Image courtesy Arkive
© Juan Moreiras / FFI

Seventy-eight species of oak trees are globally threatened with extinction, including 17 species that are under threat in the United States, according to the latest BGCI publication, The Red List of Oaks.

Equally disturbing is the realisation that over half of oak species are so little known that it is currently impossible to say what level of threat they may be facing.

Sara Oldfield, Secretary General of London-based Botanic Gardens Conservation International (BGCI) is co-author of the report, along with Antonia Eastwood of the Macaulay Institute in Scotland.

“Ecosystems and species are under threat, there’s no doubt about it,” says Oldfield. “Plants are often overlooked in biodiversity debates. Often, animals are discussed, but what about the plants on which they depend?” 
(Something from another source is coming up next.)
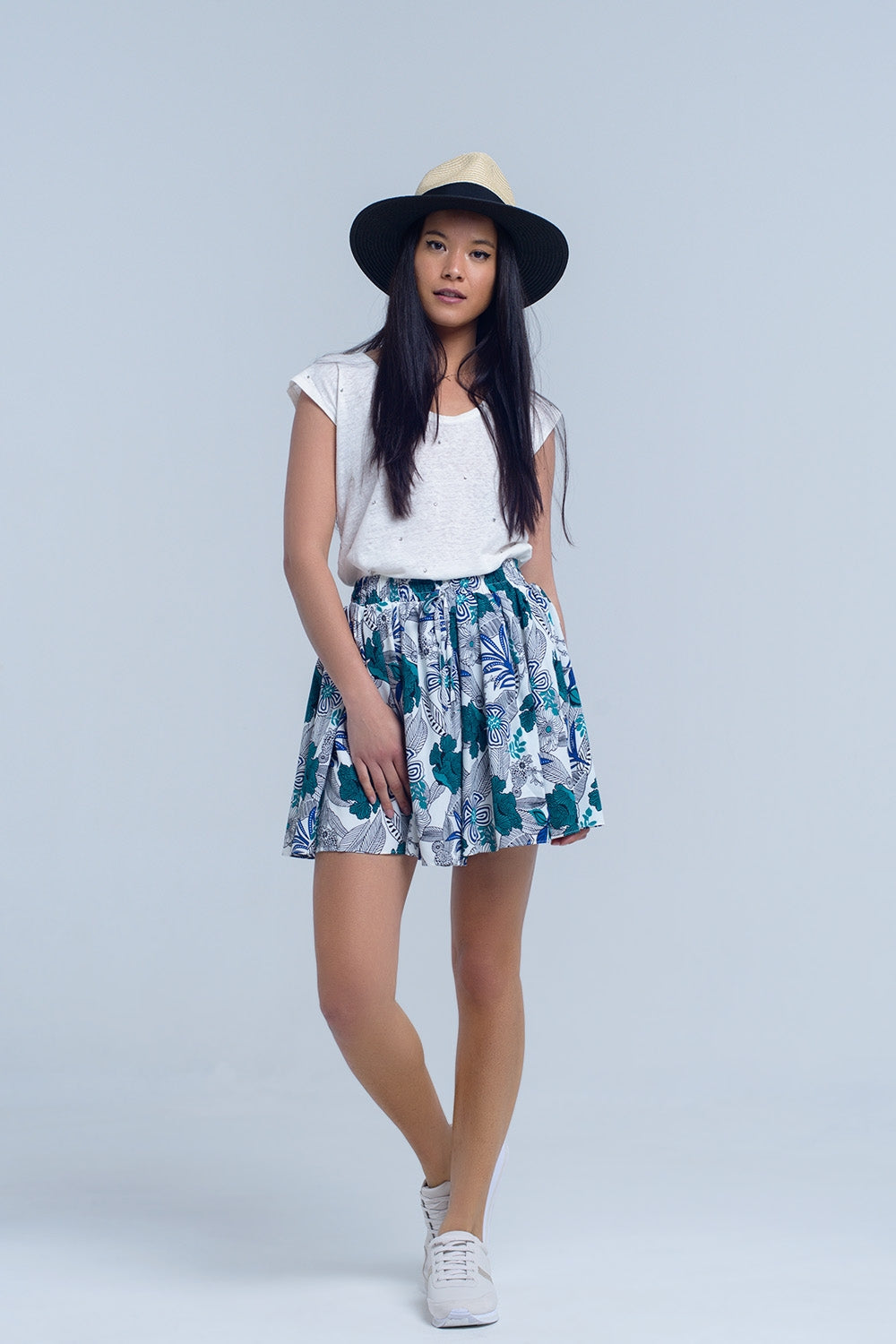 Mini skorts azul com impressão floral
Insufficient Knowledge Leaves Gaps 

The report brings up to date the information available on threats to oaks, which join magnolias, conifers, ginkgo, and others on the “Red List.” This document, from the World Conservation Union (IUCN), lists species that are threatened with extinction in the wild – rating the seriousness of each species’ situation with categories such as critically endangered, endangered, and vulnerable.

The 2007 Red List documents 5,643 threatened tree species, 1,002 of which are listed as “critically endangered,” Oldfield reported. The figures are just “the tip of the iceberg,” she added. "We can only list a species as threatened when we have enough information to be sure of that fact. There are thousands of species that are not on the list simply because we haven't been able to count them."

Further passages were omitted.